Secondo il Washington Post, il premier dello Stato ebraico starebbe considerando l’ipotesi di rimanere ancora al potere almeno fino alle presidenziali americane, nella speranza che il suo amico Donald Trump ritorni alla Casa Bianca. Viste le difficoltà dell’esecutivo e le divergenze con Washington, sembra però difficile che Netanyahu resista così per i mesi a venire. A meno che non inizi a ottenere risultati importanti nel conflitto e nella liberazione degli ostaggi o cominci a fare delle concessioni rispetto alle richieste della comunità internazionale.

Borrell e i due Stati

A questo proposito, ieri si sono visti primi passi anche in chiave europea, durante la riunione del Consiglio Affari Esteri dell’Ue. A Bruxelles, oltre alla discussione sulla missione navale dell’Unione nel Mar Rosso (operazione a carattere difensivo, sottolineano dalla riunione, ma con regole di ingaggio particolari), l’Alto rappresentante per la Politica estera, Josep Borrell, ha predisposto anche un piano di 12 punti per una nuova realtà tra israeliani e palestinesi. L’obiettivo di Bruxelles è una soluzione dei due Stati come unica garanzia della sicurezza israeliana e dell’intera regione. In questo senso, per la diplomazia Ue è necessario soprattutto dare nuova linfa vitale alla rappresentanza politica dei palestinesi, con un’istituzione democratica e credibile che possa avere voce in sede di negoziati e che rappresenti la vera alternativa alla forza politica di Hamas. Per ottenere assicurazioni per lo Stato ebraico e per la ricostruzione di Gaza e delle comunità israeliane di confine, è però necessaria la fine della guerra.

Nella Striscia, la situazione sul fronte umanitario continua a essere drammatica, con le autorità locali legate ad Hamas che denunciano la morte di 25mila persone dall’inizio del conflitto.

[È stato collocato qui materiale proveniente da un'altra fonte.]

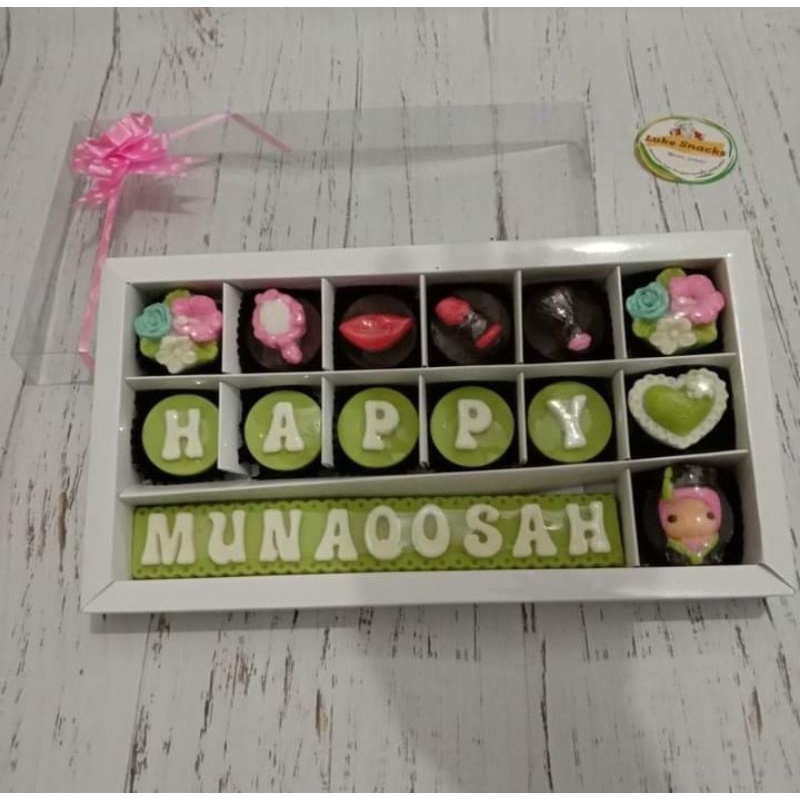 

Coklat Ucapan custom 18 sekat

Nel frattempo, il ministro della Difesa israeliano Yoav Gallant ha confermato che le Israel defense forces continuano “con forza un’operazione estesa nell’area di Khan Younis” che potrebbe “estendersi ulteriormente”. “Il fumo dei carri armati, dell’artiglieria e degli aerei dell’aeronautica continuerà a coprire i cieli della Striscia di Gaza finché non raggiungeremo i nostri obiettivi, primo fra tutti la sconfitta di Hamas e il ritorno degli ostaggi alle loro case”, ha garantito Gallant. Mentre al confine con il Libano, resta alta la tensione tra le Idf e Hezbollah. Anche in questo caso, Gallant ha ribadito la linea dura: nessun cessate il fuoco senza la sicurezza del nord del Paese.